Some of the other companies that could not make it to the final round included First Hydrocarbons Nigeria, the local-arm of London-listed Afren, Vertex, and Sogenal Oil.
Also, First Exploration and Production and Belema Oil were said to have submitted bids for only OML 55, but Chevron insisted on dealing with bidders that would acquire all the three acreages.

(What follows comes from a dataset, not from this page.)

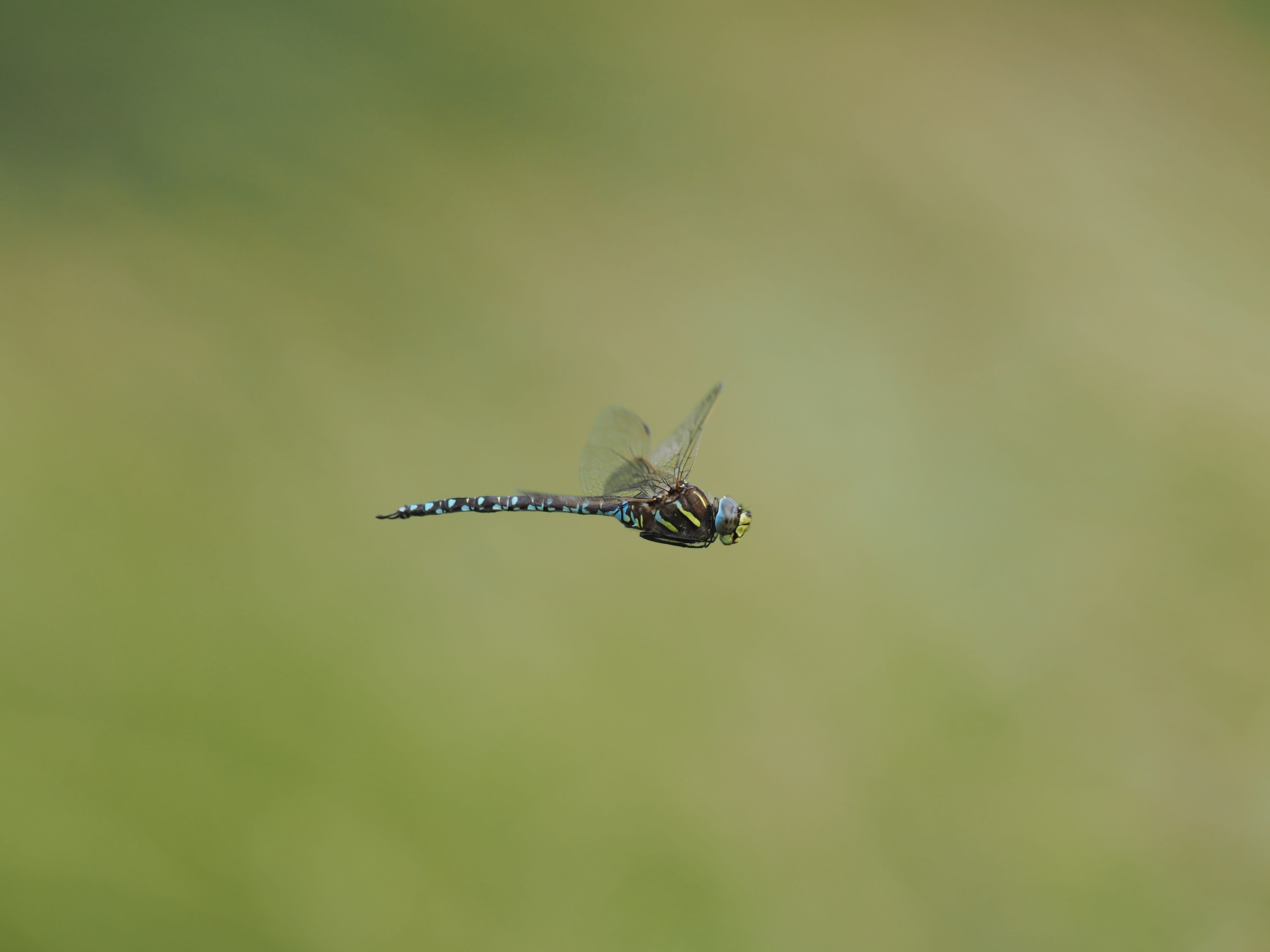 Image from Aeshna subarctica album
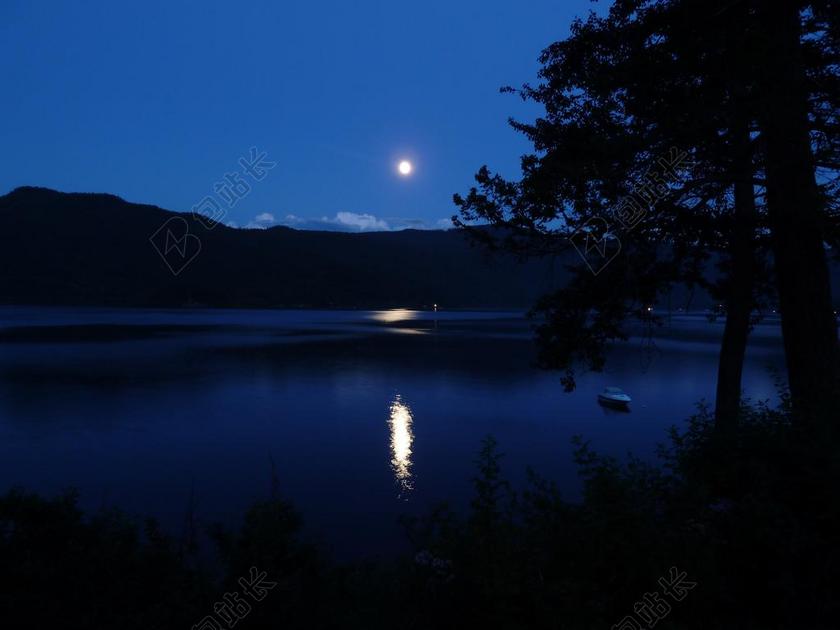 自然景观月光下的湖面和树林背景图片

Although all efforts to contact the Chairman/CEO of Brittania-U. Mrs. Uju Ifejika, a lawyer, who had a long stint working in the oil and gas sector for Texaco, proved unsuccessful, an industry source conversant with the transaction said it was wrong for the other bidders to underestimate the capacity of Brittania-U to pay for the assets.
He said he was aware that Brittania-U, in conjunction with Schlumberger, as its technical partner, did its due diligence and like other bidders, had access to Chevron’s data room in Houston, Texas.
He said even the data and evaluation provided by the Department of Petroleum Resources (DPR) and Chevron on the blocks showed that the three acreages had 3.9 trillion cubic feet of gas and 2P (proven) reserves of 280 million barrels.
Giving a breakdown, he said OML 52 holds proven reserves of 67.09 million barrels of oil equivalent (mboe) but is predominantly a gas field, OML 53 has 75.51mboe, while OML 55 has 68.27mboe.
All these, he added, exclude the condensates, which attract a higher price than crude oil in the international oil market.
He said OML 52 has condensates of 8,340,000 barrels; OML 53, 93,780,000 barrels; while OML 55 has 15,330,000 barrels.
On this basis, he explained that Brittannia-U was properly advised on the valuation of the three blocks by Schlumberger, which felt that the $1.6 billion was a fair value for the assets.
He dismissed the notion that Britannia-U lacked the capacity to raise the money to pay for the three blocks, stating that other bidders that had gone out of their way to run down Britannia-U had forgotten that the company was already an upstream operator.
“Brittania-U is the operator of Ajapa field in OML 90, which currently produces 7,500 barrels per day. In addition, the company owns a Floating Production Storage Offloading (FPSO) vessel, has a shuttle tanker and a fleet of offshore vehicles and an oil block in Ghana.
“As you can see, Brittana-U is an upstream, downstream, shipping and sub-surface engineering company, which has made a lot of inroads in the oil and gas sector. It also has a debt-equity ratio, which is about the lowest in the industry, among indigenous operators.
“It is truly an indigenous operator and will source its funding for the three blocks from local and overseas banks,” he said.
Although the industry source said he was not conversant with the payment terms for the three blocks, he added that Brittana-U would surprise other bidders, who lost out in the deal.
The transaction, however, brings back memories of another deal when a Nigerian oil marketing firm MRS Nigeria Limited submitted an aggressive bid for Chevron’s downstream assets in Nigeria and the rest of West Africa.
The $790 million acquisition, which was financed by the defunct Bank PHB Plc (Keystone Bank Limited) and four other banks, resulted in one of the largest loan defaults in the history of Nigerian banking and was partly to blame for the takeover of Bank PHB and Union Bank Plc by the Central Bank of Nigeria (CBN) in 2009.
Information from This Day was used in this report.